The Irish Republican Army (IRA) paramilitary movement declared that it would put down its arms from 4 pm (0400 GMT) on Thursday.
A statement from the movement said it would put an end to its armed struggle and devote efforts towards peaceful solutions.
The following are some key facts about Northern Ireland.
Area: 14,000 square km.
It neighbors the Republic of Ireland. Great Britain lies across the Irish Sea to the east.
Religion: According to the 1991 statistics, 50.7 percent of residents claimed themselves Protestant and 38.4 percent Roman Catholic.
Government and Politics: Northern Ireland is part of the United Kingdom. Queen Elizabeth II is its constitutional monarchy as titular head of state.
Northern Ireland elects a new 108-seat Assembly to operate a range of limited home-rule power. But the assembly inherits its power from London only once a peace accord is fully implemented.
There are nine political parties. The four main parties are the Ulster Unionist Party (UUP), the Social Democratic and Labour Party (SDLP), the Democratic Unionist Party (DUP), hard-line unionist party, and Sinn Fein, the political wing of the IRA.
Economy: Gross Domestic Product (GDP) per head was 13,490 US dollars in 1995.

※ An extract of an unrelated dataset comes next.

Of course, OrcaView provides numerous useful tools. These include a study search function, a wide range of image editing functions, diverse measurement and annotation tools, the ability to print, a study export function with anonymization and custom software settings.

Unemployment is about 7 percent.
Services account for 74 percent of economic output, while manufacturing makes up 18 percent.

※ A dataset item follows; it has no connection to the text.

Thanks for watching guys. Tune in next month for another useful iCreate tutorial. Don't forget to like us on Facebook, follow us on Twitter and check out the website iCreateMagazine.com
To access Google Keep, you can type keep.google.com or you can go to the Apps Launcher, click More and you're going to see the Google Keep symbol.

History: Ireland was part of the United Kingdom for centuries. After decades of civil war, Ireland won its independence in 1922, but Britain negotiated to keep the six counties in the northeast dominated by Protestants.
In 1969, guerrilla fighting between the IRA and loyalist groups began, starting a period that became known as the "troubles." Since then, some 3,600 people have died as a direct result of the conflict.

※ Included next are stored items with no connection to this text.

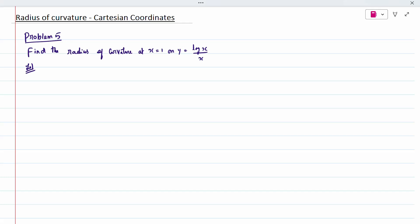Today's topic is radius of curvature. The problem is: find the radius of curvature at x = 1 on y = log(x) / x.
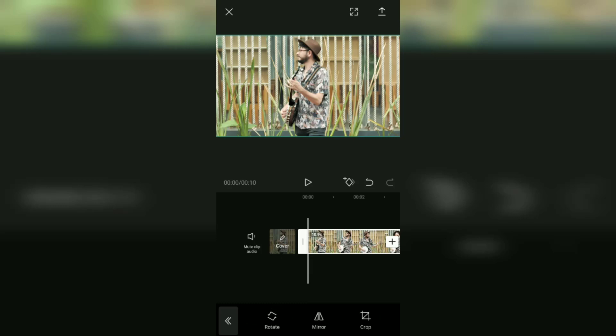Three menus will appear in this Edit menu: Rotate, Mirror, and Crop. To trim the video frame, of course select it and open the Crop menu.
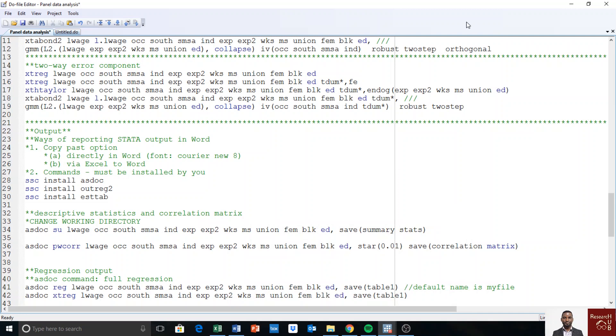Welcome back to panel data analysis. Today we will look into how to report our output in Word. In the previous video we looked at the different panel data models. Now we have to learn how to get it in Word.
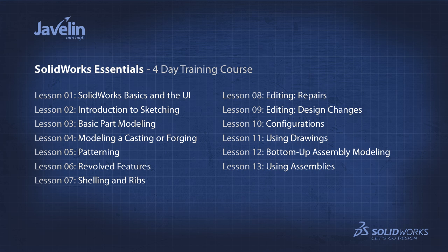SolidWorks Essentials teaches the key fundamental tools, techniques and best practices, allowing new users to quickly become comfortable and productive within SolidWorks.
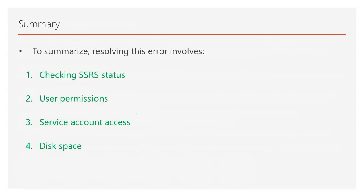To summarize, resolving this error involves the following: checking SSRS status, user permissions, service account access, and disk space.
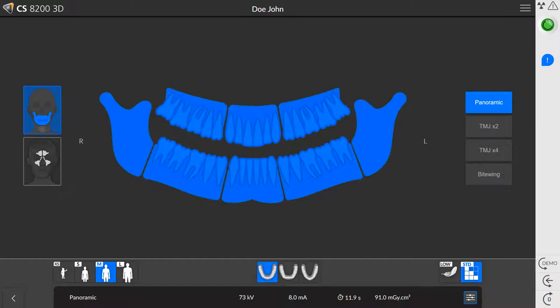Next, on the main interface, select the dental arch morphology or jaw shape. When you select the appropriate jaw shape, the trajectory beam is adjusted to capture the correct focal trough. U is for a normal jaw shape, and square or V are for a narrow arch shape.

In a peace-seeking declaration in December 1993, the British government said it would not block an end to British rule if a majority wanted it, and offered Sinn Fein a seat at party talks.
They met for the first time in 70 years in 1994.
The IRA and loyalist militias called ceasefires beginning in 1994, moves which paved the way for the peace accord.
Peace Accord: The peace agreement says that there will be no change in Northern Ireland's constitutional status without the consent of the majority. Ireland for the first time agreed to give up legal claim to Northern Ireland.